The 5 years of study showed quite distinct meteorological conditions (Fig. 1). Winter 2009 was the most snowy, whereas winter 2012 showed the lowest cumulative snow amount. However, in 2012, a late spring snowfall prevented the complete snowmelt from occurring in April. The earliest snowmelt occurred in 2011 and the latest was in 2013.

Fig. 1
figure 1

Seasonal course of air temperature and snow depth for the 5-year study period (21-day window moving average). The grey polygon denotes the long-term (1978–2008) average (±the interquartile distance)

Air temperature across years was slightly less variable than snow amount, with some exceptions. For example, a departure from the 30-year variability envelope was recorded in 2012 before the snow melt, with air temperatures higher than the average in March. In 2013, late May was colder than the 30-year average. Summer temperatures were within the 30-year envelope for all investigated years.

Inter-annual variability of indices and extracted thresholds

The seasonal trajectories of all indices are reported in Fig. 2. All indices showed an earlier beginning of the growing season 2011 compared to other years, as a result of the earlier snowmelt in 2011 (Galvagno et al. 2013). All indices also showed a later beginning of the growing season in 2013 as a result of the later snowmelt, even if in terms of extracted thresholds the anomaly in 2013 is much less clear than in 2011 (see below). VG is the index with lower inter-annual variation, with the only significant departure from the 5-year average trajectory being represented by the earlier onset in 2011 and the later onset in 2013. The same is true for NG, except that in 2013, also the seasonal maximum occurred later than the 5-year average. GB is the index with highest inter-annual variation. Its seasonal courses suggest that the highest biomass production occurred in 2009 and the lowest in 2013. LAI is in agreement with GB with respect to the lowest plant production in 2013. The shifted trajectory in all indices for 2013 may be explained by the combination of later snowmelt and colder temperatures in May, which may have delayed plant development. The earlier onset of the growing season in 2011 did not result in higher plant production nor greenness. A previous study (Galvagno et al. 2013) clarified that the earlier onset of 2011 growing season resulted in reduced photosynthetic activity compared to average years 2009 and 2010. It also demonstrated that this feature could be attributed to the biotic response of the ecosystem to an exceptional climate event (i.e. the early snowmelt) rather than to direct limiting weather conditions of the summer period.

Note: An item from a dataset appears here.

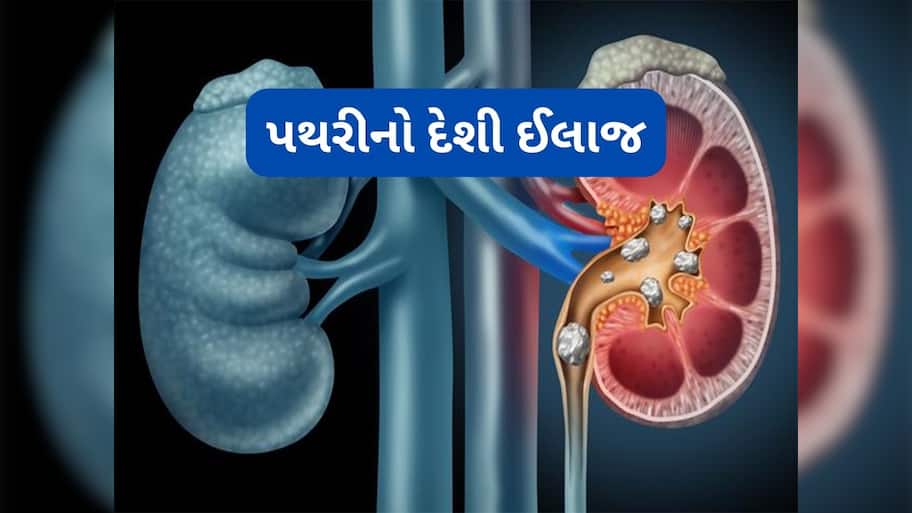 Kidney Stone: પથરી કાઢવાનો વર્ષો જુનો આયુર્વેદિક નુસખો, રોજ સવારે પી લેવું આ ખાસ ડ્રિંક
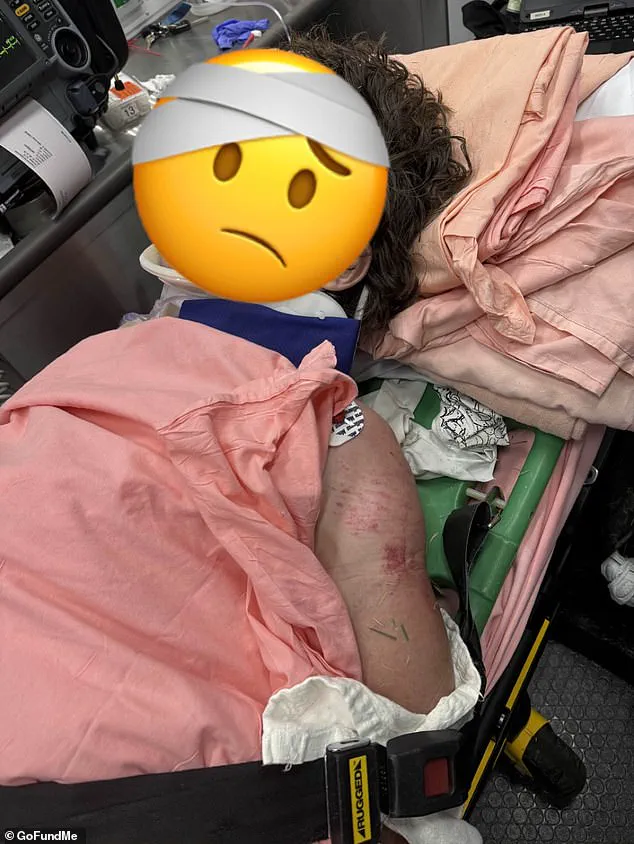 Viral Video of Critical Injury During Georgia Police Chase Sparks Outrage and Empathy for Motorcyclist DancingMoto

The seasonal development of the vegetation at this site appears therefore strongly controlled by snowmelt in its first stages and to a lesser extent in the overall development trajectory, whereas other factors (namely temperature and precipitation) concomitantly modulate the short-term changes during the growing season.

Fig. 2
figure 2

Seasonal trajectories of all investigated indices in 3 years. Indices are averaged over all plots and vertexes for each sampling date. The grey area denotes the 5-year mean ± 2se. GB green biomass, LAI leaf area index, NG nadiral greening, VG visual greening

From the seasonal course of all indices, the cubic spline fitting and thresholding allowed us to extract greening and yellowing phases. Because the main objective of the threshold extraction is to establish whether there are changes from year to year in the beginning and end of the growing season, we will mainly refer to only one early and one late phase (G25 and Y75, respectively). These two were chosen instead of first (G10) and last (Y90) phase because the latter may be more sensitive to outliers and more influenced by the sampling schedule (Fig. 2). For example, for VG, the first spring sampling in years 2010–2012 occurred probably too late and failed to catch the baseline of the increasing trajectory. The G25 phase appears therefore more suitable in this case and, in general, in remote alpine grasslands that can be reached only after the complete snow melt, when the beginning of the growing season may already have occurred.

Patterns discussed for the seasonal trajectories are apparent also for the extracted phases (Fig. 3). In addition, the phase extraction allows to show the inter-annual differences illustrated for the seasonal trajectories in a quantitative way (Fig. 2) by means of MM and the post hoc tests. For all indices, phase G25 in 2011 occurred significantly earlier than all other years, but only G25 extracted for NG occurred significantly later in 2013 compared to other years. For the yellowing phases (Y75), it is difficult to find a pattern of inter-annual variation consistent across indices. However, productivity indices generally show higher IAV compared to greenness indices.

Fig. 3
figure 3

Mean date of occurrence of phases G25 and Y75 extracted from percentiles on the spline fitting for all indices in 5 years. Error bars represent ±2se of the mean. Different letters indicate significant difference (p < 0.05) between the means (Tukey HSD). VG visual greening, NG nadiral greening, GB green biomass, LAI leaf area index

Inter-annual patterns apparent for the spring phases (e.g. the anticipated green-up in 2011) do not necessarily result in corresponding patterns in the yellowing phases (absence of a lag effect).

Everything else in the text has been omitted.